Whether respondent ever consented to arbitration was, on this record, a question of fact, and the negative answer to that question given by both courts below, leaves us powerless to reconsider it. No one can be forced into arbitration unless by plain language he actually agrees to arbitrate (Matter of Lehman v. Ostrovsky, 264 N. Y. 130, 132), and such an agreement is not established, conclusively and as matter of law, by a showing that he signed a contract Avhich incorporated by reference only and with no mention of arbitration, another document which, although he did not know it, contained a consent to arbitration.

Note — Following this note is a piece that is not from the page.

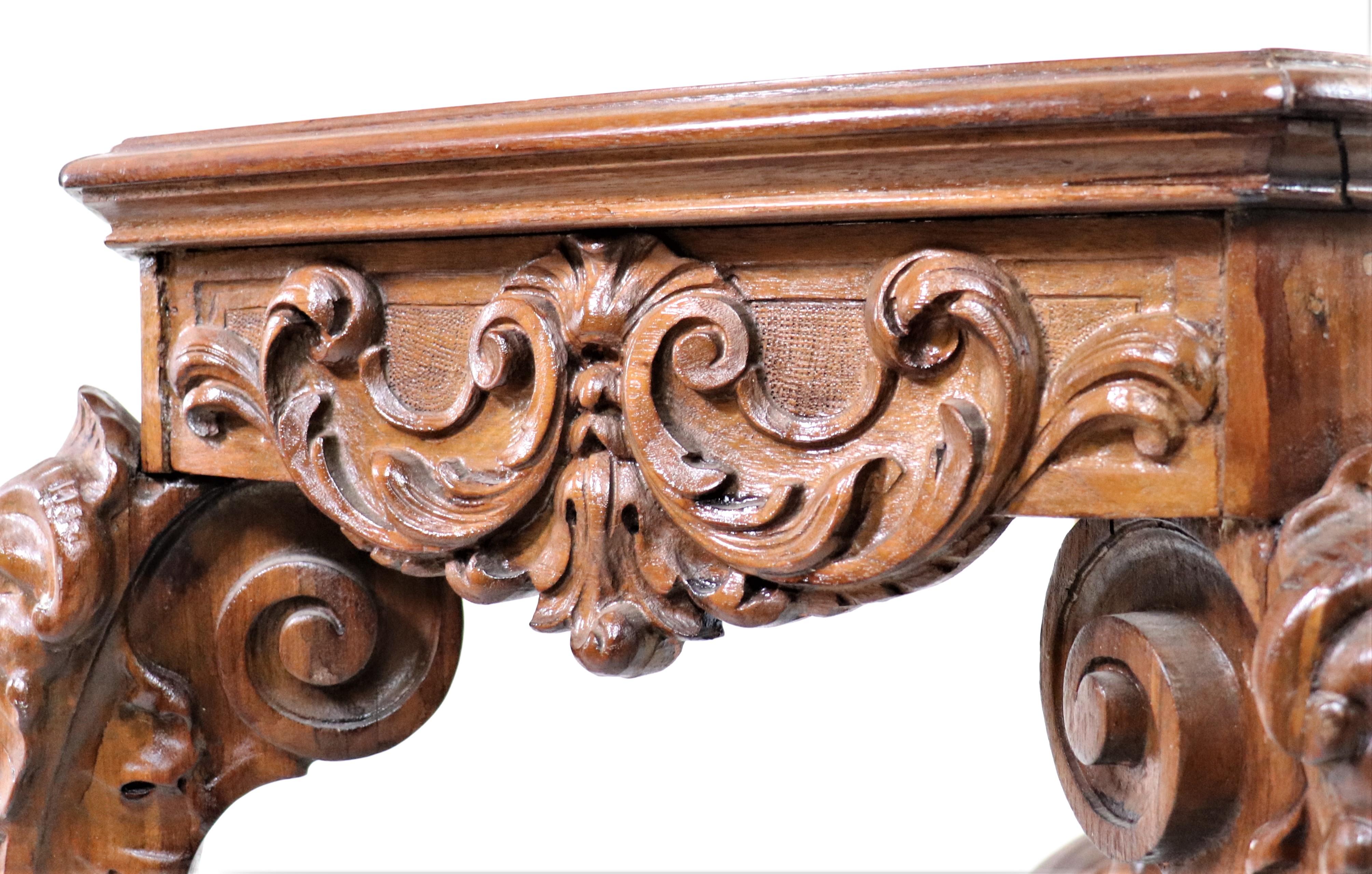 19th Century French Louis XV Style Carved Walnut and Marble Console Table For Sale 10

Decisions in cases where a party signed a contract without reading it, are not helpful here. Respondent, so it has *89been found as fact by both courts below, never saw the document “ incorporated by reference ” into the contract he did see and sign, never knew that appellant desired an agreement on arbitration, and never in fact knew that the other, or ‘ ‘ incorporated ”, document prescribed arbitration. In legal effect, the situation is identical with that in the two cases cited by the Appellate Division (Matter of General Silk Importing Co. [Gerseta Gorp.], 198 App. Div. 16, and Matter of Bachmann, Emmerich & Co. [Wenger & Co.], 204 App. Div. 282) where the arbitration provision was in the rules of the Silk Association, by which rules the sales involved in the two cited eases were “ governed ”.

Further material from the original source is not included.